Pradhan Mantri Ujjwala Yojana (PMUY, translation: Prime Minister's Lighting Scheme) was launched by Prime Minister of India Narendra Modi on 1 May 2016 to distribute 50 million LPG connections to women of Below Poverty Line (BPL) families. A budgetary allocation of  was made for the scheme.

Overview 
In the first year of its launch, the connections distributed were 22 million against the target of 15 million. As of 23 October 2017, 30 million connections were distributed, 44% of which were given to families belonging to scheduled castes and scheduled tribes. The number crossed 58 million by December 2018. 

In 2018 Union Budget of India, its scope was widened to include 80 million poor households. 21,000 awareness camps were conducted by oil marketing companies (OMC). The scheme led to an increase in LPG consumption by 56% in 2019 as compared to 2014. 

The highly popular scheme has benefited over 14.6 million BPL families in Uttar Pradesh, 8.8 million in West Bengal, 8.5 million in Bihar, 7.1 million in Madhya Pradesh, 6.3 million in Rajasthan and 3.24 million in Tamilnadu.

On 7 Sep 2019, Prime Minister Narendra Modi distributed a fuel cylinder to the 8th crore beneficiary under this scheme.

In the Union Budget of 2021-2022, the government announced that 1 crore more connections will be provided under this scheme. The Prime Minister launched the Ujjwala Scheme II on 10 August 2021 to provide fuel to 1 crore families who were left out of the first scheme.

At the 107th Indian Science Congress held in January 2020 in Bengaluru, Narendra Modi declared that technology has helped India "in recognizing the 8 crore [80 million] women who were still using coal or wood for cooking" and also "in understanding how many new distribution centres must be built, via the help of technology".

The National Family Health Surveys demonstrate significant improvement in access to cleaner cooking fuels due to PMUY. Yearly growth in access to cleaner fuel accelerated around 2015 and increased by almost seven times, from 0.8% in rural areas before 2015 to 5.6% after.

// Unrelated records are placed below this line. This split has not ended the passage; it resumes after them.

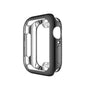 Full Around TPU Protective Case for 40mm iWatch - Black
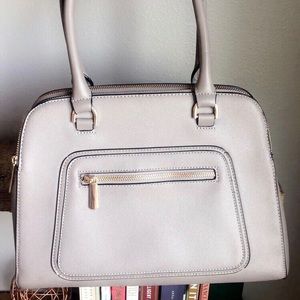 ⭐️Closet Clean-Out Sale! A New Day Gray/Tan Purse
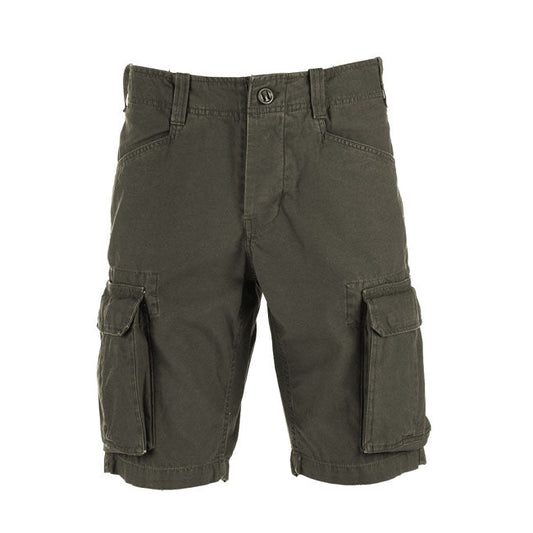 Army Surplus Cargo short green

India's Gas cylinder penetration has improved from 62 percent in May 2016 to 99.8 percent on 1 April 2021.

statistics
To increase the number of beneficiaries under the Ujjwala scheme, by renovating the structure, it is easy to bring the last mile beneficiaries under the scheme, so the government also tried to renovate the structures. Direct and indirect employments were also increased through it.

Ujjwalla Scheme I statistics by state wise

On 7 Sep 2019, the number of beneficiaries under Ujjwala Scheme I touched 8 crore. Number of beneficiaries state wise.

History

 On 16 October 2009, the Government of India launched the RGGLV (Rajiv Gandhi Gram LPG Vidarak Yojana) scheme, which aims to increase LPG penetration and establish LPG distributors in remote and inaccessible areas. 

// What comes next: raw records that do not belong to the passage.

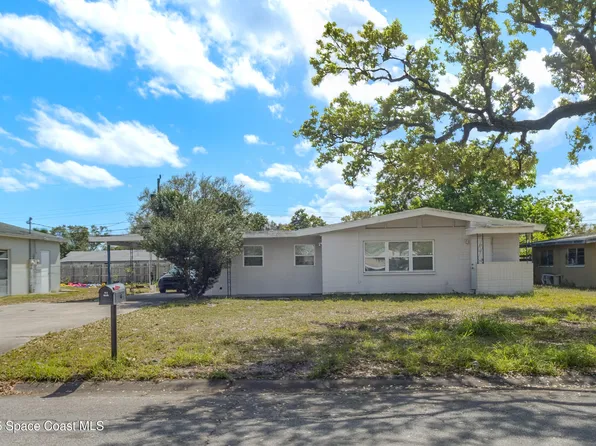1107 Bristol Dr, Cocoa, FL 32922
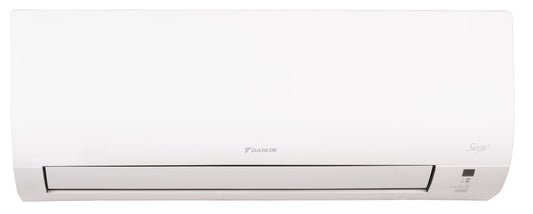 Daikin New Evolution mono-split air conditioner, 12000 BTU, Wi-Fi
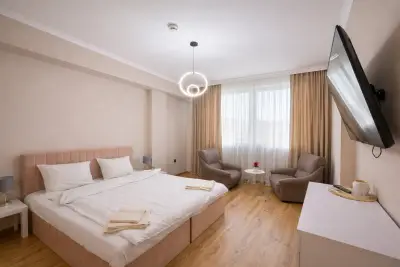 Hotel Atanasov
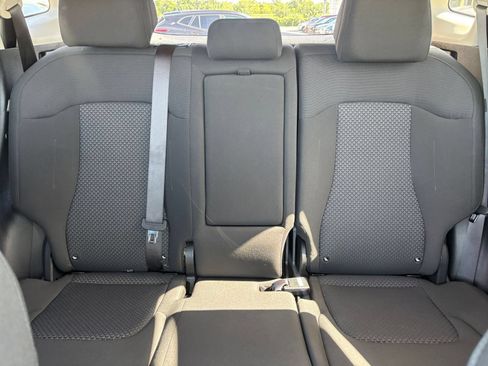 Used 2025 Kia Sportage LX FWD image 37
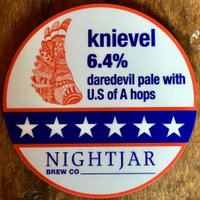 nightjar brew co (@nightjarbrewco) 's Twitter Profile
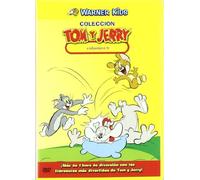 Coleccion Tom Y Jerry Vol. 9 [Import]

 In 2009, the government also launched a scheme to provide one-time financial assistance for LPG connections to Below Poverty Line (BPL) households. The assistance was provided through the Corporate Social Responsibility (CSR) Fund of the government's Oil Marketing Companies (OMCs).

 In 2015, Rajiv Gandhi Gram LPG Vidarak scheme was discontinued. 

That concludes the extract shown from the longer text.